By the time I was in my teens I had decided — if I gave it any thought at all — never to have kids, the unimaginative and narrow adolescent me viewing them as bourgeois accessories.
I was never going to marry, either; then I turned 20 and found myself walking down an aisle to the operatic strains of Ave Maria.
Eight months later I was pregnant.
I had my first child when I was 21. My fourth when I was 32 and threatening to become the protagonist in The Pumpkin Eater, a novel by Penelope Mortimer about a woman addicted to having kids.
Having kids, and raising a human being from scratch, made me stronger, better, smarter, more compassionate and more patient — but then I needed a little extra work in those departments. It also taught me that we don’t always know our own minds, let alone have real insights into the thoughts of others.

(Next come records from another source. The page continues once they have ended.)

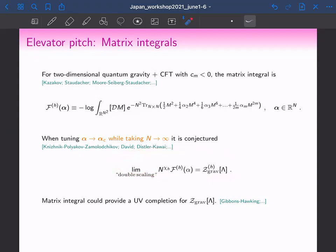Much in the spirit of Gibbons and Hawking, who claimed we can get the de Sitter entropy from a Euclidean path integral, the matrix integral could provide further insights into the de Sitter entropy. At this stage we have no idea what the de Sitter entropy counts or what its microscopic origin is. Our goal is that the matrix integral could shed light on that — and that is what I am going to talk about in this talk.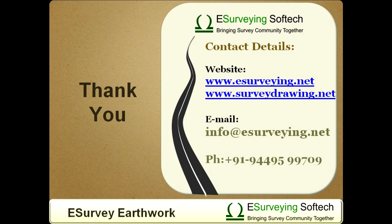Thank you for watching this video and if you want more information about eSurvey CAD, please visit www.esurvey.net.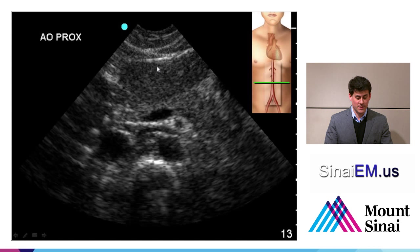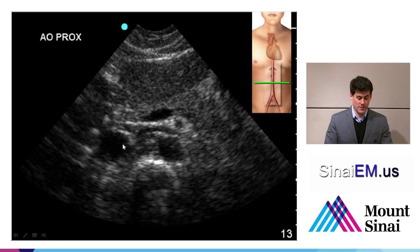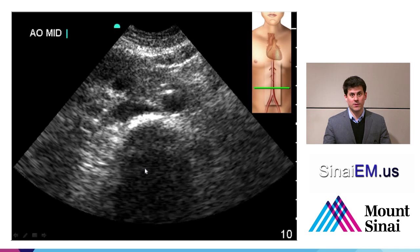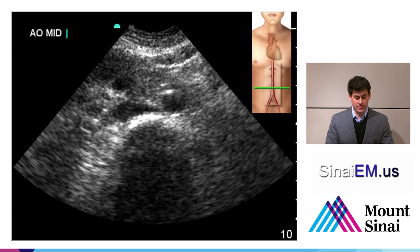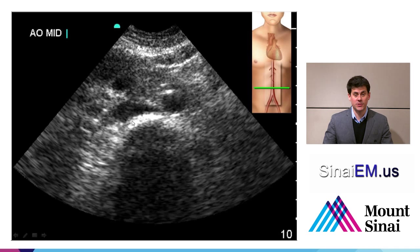From top to bottom: liver, pancreas, splenic vein, superior mesenteric artery, left renal vein going transverse into the inferior vena cava, the aorta, and the lumbar spine — vertebral body with shadow. As you go more distal, there's less anatomy to appreciate because most of what you see is bowel, but you can still identify the aorta and the inferior vena cava sitting on top of the brightly echogenic anterior edge of the vertebral body.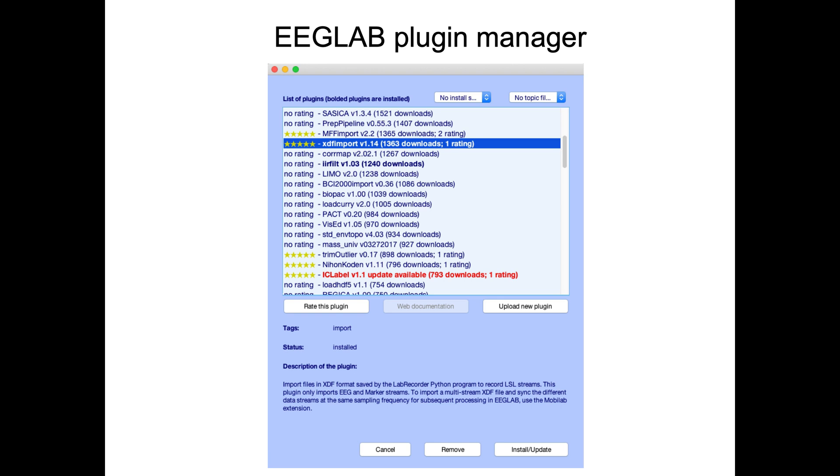In the next lecture, we'll start to see how to process data in EEGLAB.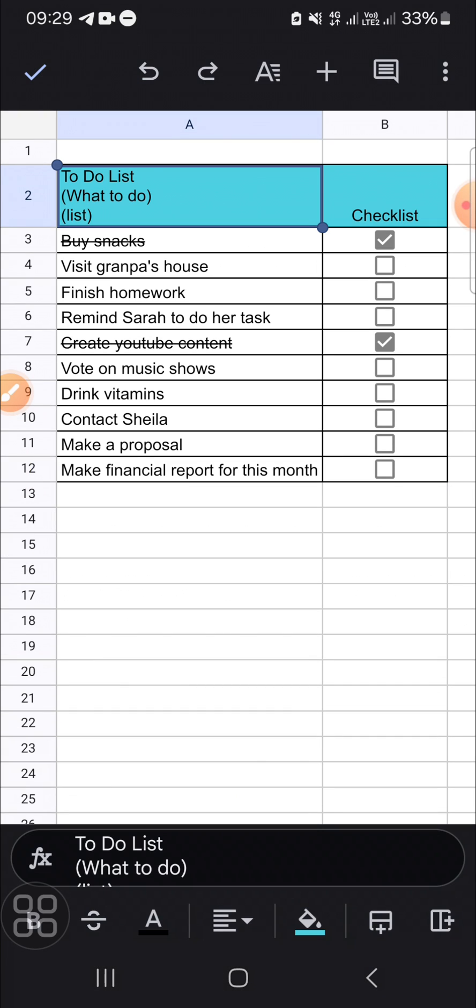Alright guys, that's how we can type in the next line of a cell in Google Sheets mobile. I hope this tutorial will be useful for you. Thank you so much for watching, and if you found this tutorial useful, don't forget to hit the like button, leave your comments, and subscribe to this channel. See you on the next video.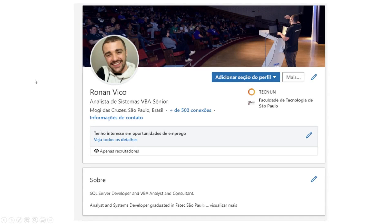Hello guys, my name is Ronan Vico. I'm from Brazil and I work with programming, mostly VBA and SQL Server.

Time Magazine’s recent cover story, “The Childfree Life“, by Lauren Sanders has generated the usual hooting and hollering, from those who consider childbearing an obligatory adult rite of passage to those so bitterly anti-procreation they block the images of their friends’ babies on Facebook.

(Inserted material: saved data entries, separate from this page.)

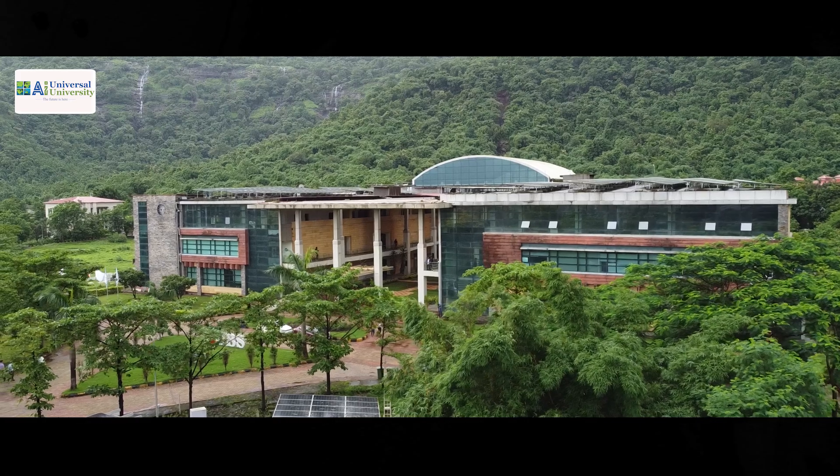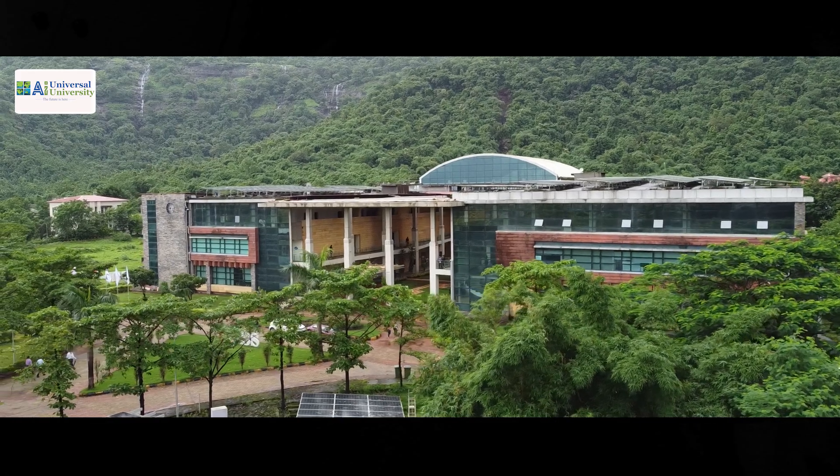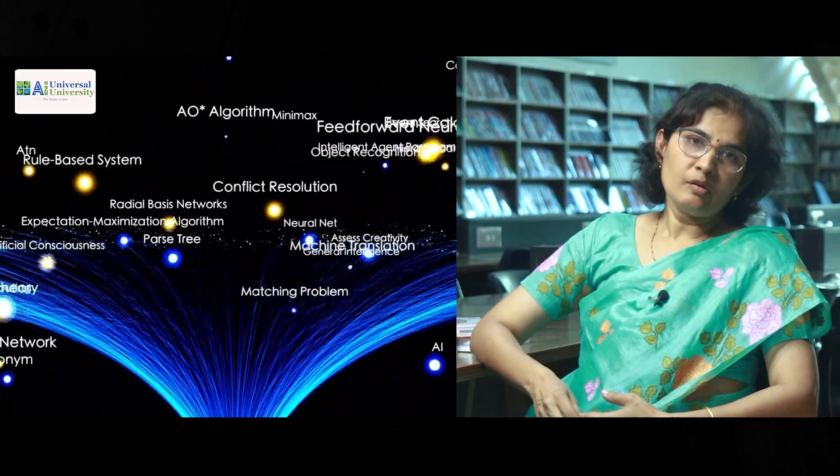I'm Dr. Kavitha Vangitachari. I'm working with the University for the past one year. I'm having nearly 20 years of experience in computer science and machine learning.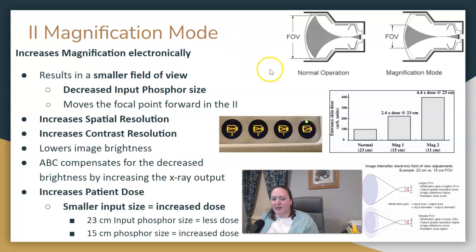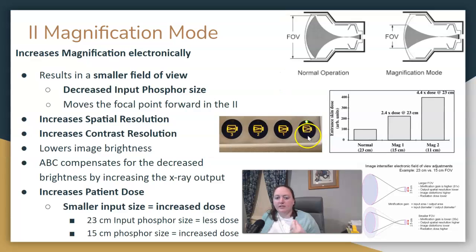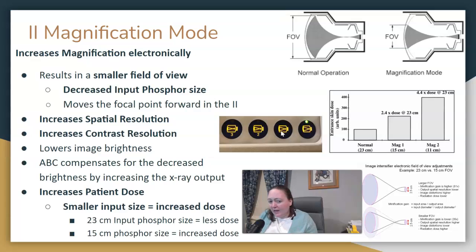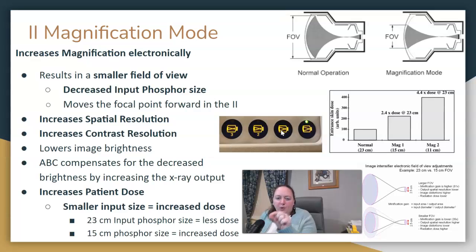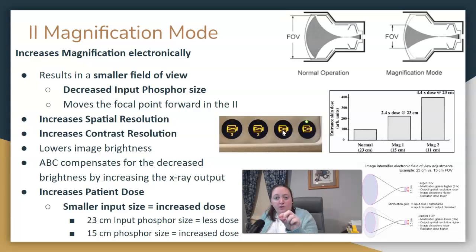Obviously, we're able to see a larger image, but what's going on in the background? When a radiologist wants to mag up and magnify the anatomy to look closer and get better detail, remember those electrostatic lenses that came together at a point before the anode or output phosphor? That point is called a focal point. When you magnify up, that focal point moves forward, closer to the input phosphor.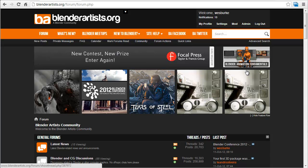Hey guys, Wes Burke here. Today I wanted to run you through some of the new features and style of the BlenderArtist.org dark theme.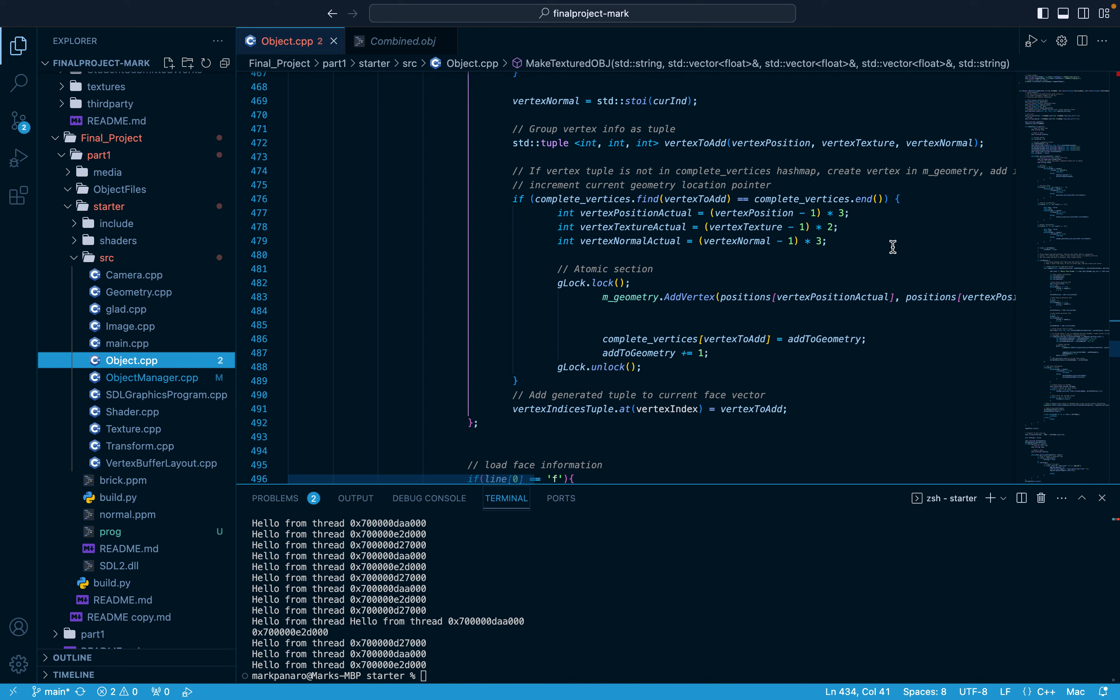If a key is not present, then the actual vertex data is calculated and the vertex is added to the geometry. Adding a vertex is part of the atomic section and is locked with mutex. The concurrency tricks used here were learned from Dr. Mike's concurrency series on YouTube.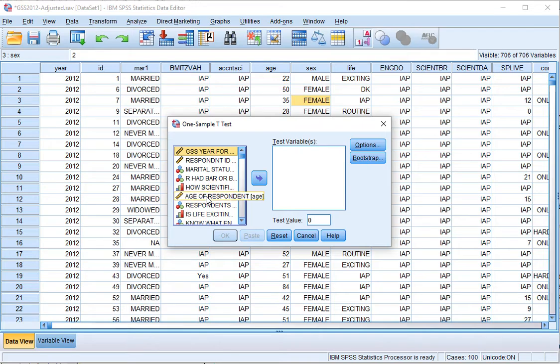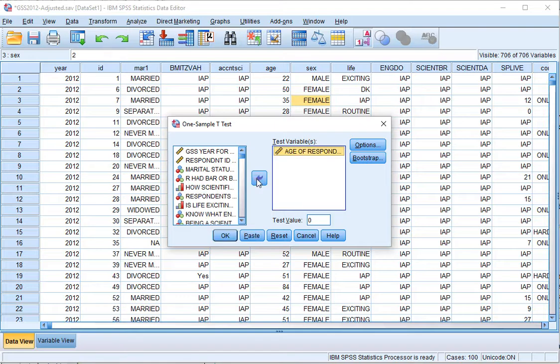Select the variable you want to test — in this case I'm going to be using H — and move it to the Test Variable section. Then, and this is quite important, fill out the hypothesized value for the mean in the population. I'm expecting the population average age to be 50, and I'm going to be testing for that.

According to Time, the U.S. birthrate is on a downward spiral, the lowest in its history with only one in five women having a baby in their lifetime.

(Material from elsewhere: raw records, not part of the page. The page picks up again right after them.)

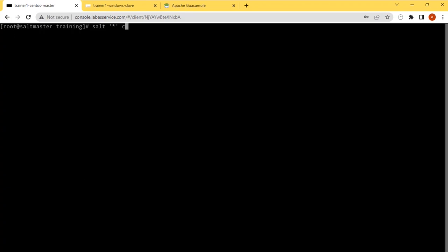I can just use salt cmd.run. I can give the command 'who am i'. 'Who am i' is common for all the operating systems.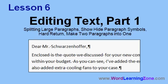In lesson six, we're going to learn about editing text. We're going to see how to split large paragraphs into two. I'm going to show you how to show and hide the paragraph symbols and other non-printable characters. We'll learn about hard returns and how to make two paragraphs into one big one.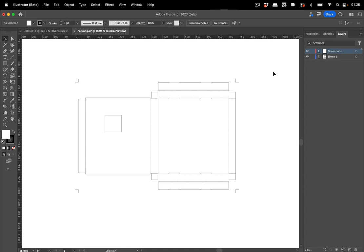In this video we're going to take a look at another function in the Illustrator beta. To get the beta you can use the Creative Cloud app, go into the beta section and download the beta, which is possible if you have a Creative Cloud subscription.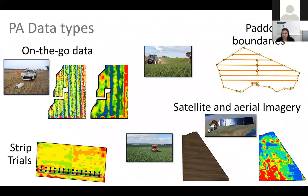As you would know, there are many types of PA data and PAT is set up to analyze these. For example, on-the-go data from yield monitors or soil or canopy sensors, satellite and aerial imagery, and paddock boundaries.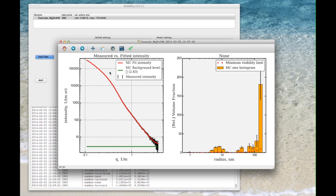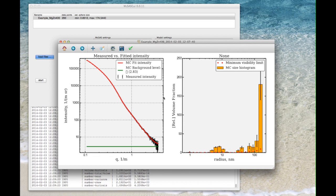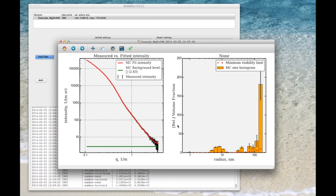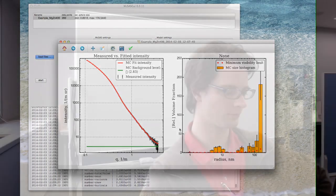As you can see the Monte Carlo method using spheres fits quite nicely to this data. The resulting size distribution is shown here on the right hand side with the radius on the horizontal axis and the volume fraction on the vertical axis.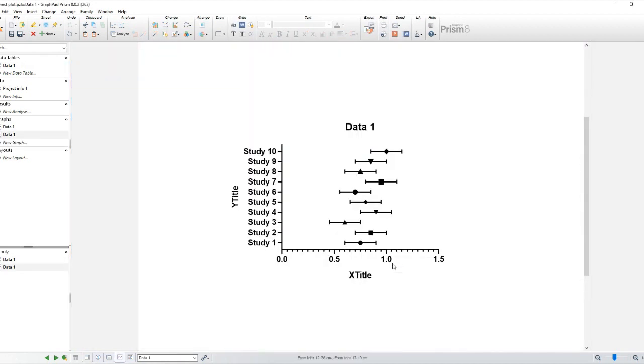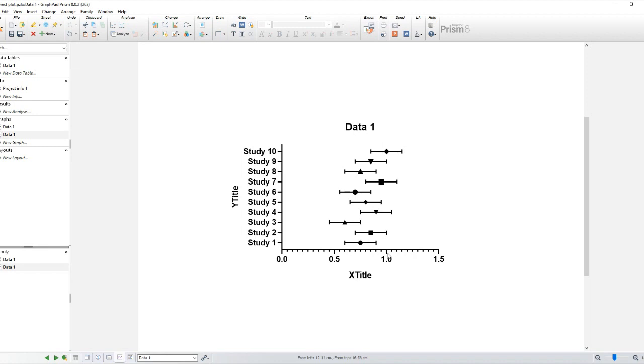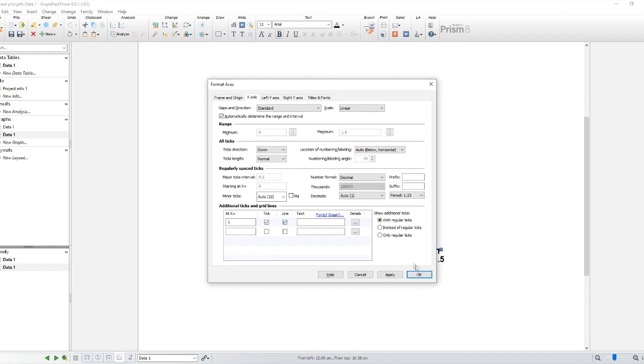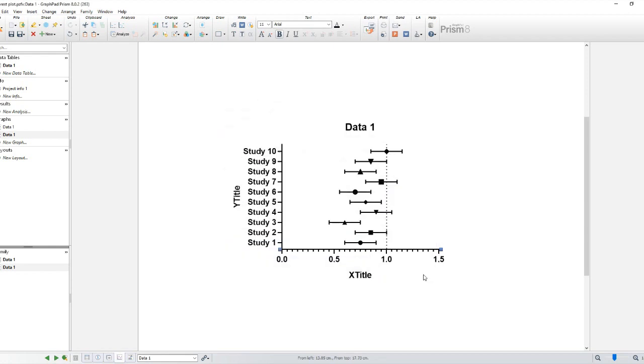To add a vertical line on the 1, double click on the x-axis to open the Format Axis dialog. In the Additional Ticks and Grid Lines section, set the coordinate on the axis where the tick or line should appear. Check the box to show either a tick or a grid line. If the coordinate is at a location where there already is a regular number or label, the label you enter in the Additional Ticks section is shown and the regular label will be hidden.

Time writer Carolina A. Miranda contributed a personal essay explaining that not having children didn’t signify selfishness on her part or her husband’s — a common accusation hurled at the childless — neither one of whom has ever felt the desire or need to share their lives with kids.
Which doesn’t stop just about everyone from grilling her about her choice — her husband gets a special pass — apparently men are exempt from rude inquisition.
The question of selfishness is reflexive and meritless. I’ve met plenty of selfish parents — having a baby does not a saint make.
The real question is when did having children become a committee decision, open to public discussion or comment? When did we stop celebrating diversity?
Maybe we should worry less about the private choices of others and more about our collective inability to mind our own business.